[Study material Boundary: Start]

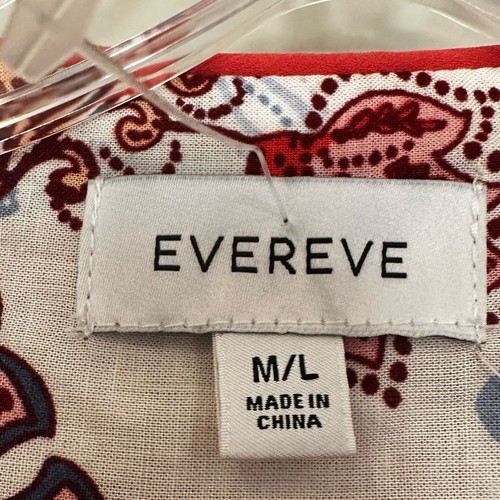 Evereve Penny Floral Wrap Cardigan Women's M/L Blue Multicolor Boho Linen NWOT - Bild 7 von 9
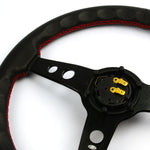 Steering Wheel Leather 14" ADR Retro Black Spoke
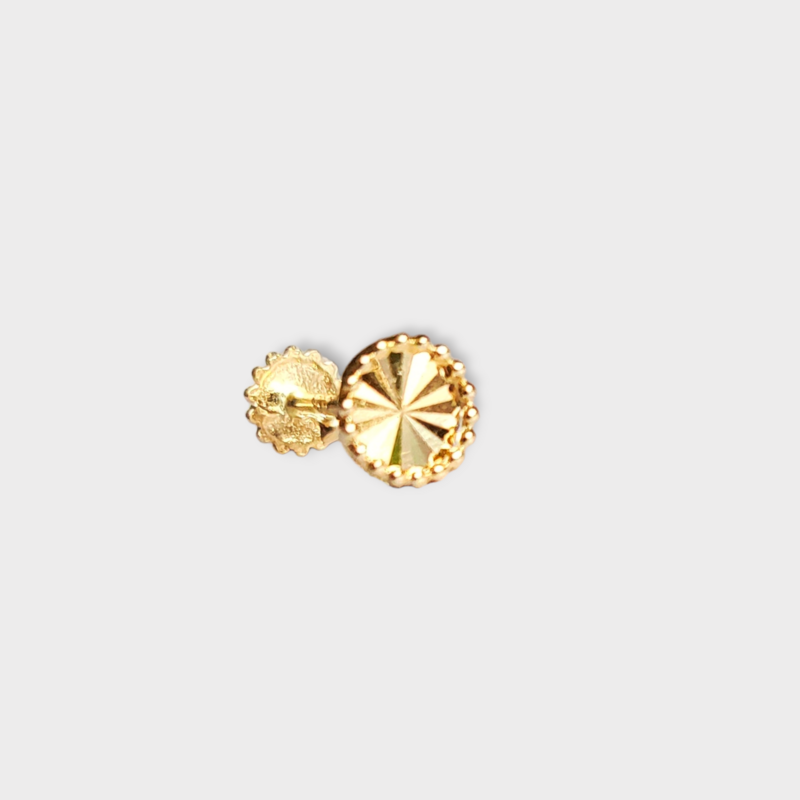 Golden Disc Flatback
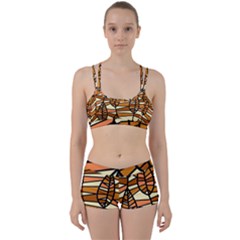 Autumn Leaf Mosaic Seamless Perfect Fit Gym Set by Hannah976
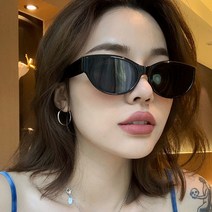 작은 프레임 고양이 눈 선글라스 여성 한국 힙합 선글라스 스타 선글라스 프레임 남성 스타일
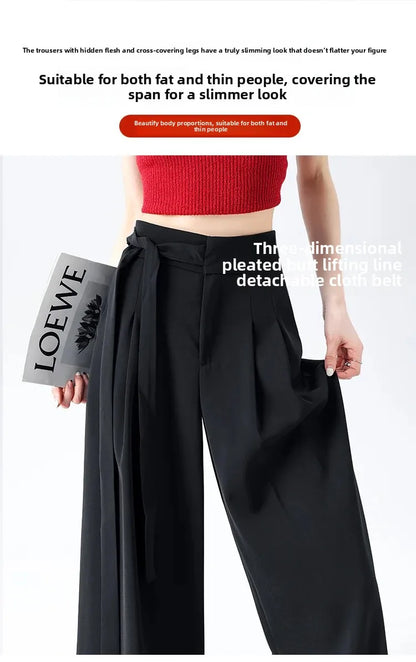 Korean Style Wide Leg Suit Pants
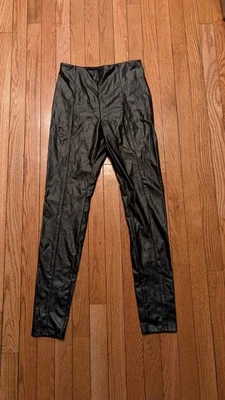 Legging Lyssé Cintura Alta Cuero Vegano Nuevo con Etiquetas en Negro Talla S/Pequeño  Foto 1 de 4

[Study material Boundary: End]

> Exercise aim
Transcribe all of the lines above exactly as given. The pictures stay out.

> Solution to this task
 Evereve Penny Floral Wrap Cardigan Women's M/L Blue Multicolor Boho Linen NWOT - Bild 7 von 9
 Steering Wheel Leather 14" ADR Retro Black Spoke
 Golden Disc Flatback
 Autumn Leaf Mosaic Seamless Perfect Fit Gym Set by Hannah976
 작은 프레임 고양이 눈 선글라스 여성 한국 힙합 선글라스 스타 선글라스 프레임 남성 스타일
 Korean Style Wide Leg Suit Pants
 Legging Lyssé Cintura Alta Cuero Vegano Nuevo con Etiquetas en Negro Talla S/Pequeño  Foto 1 de 4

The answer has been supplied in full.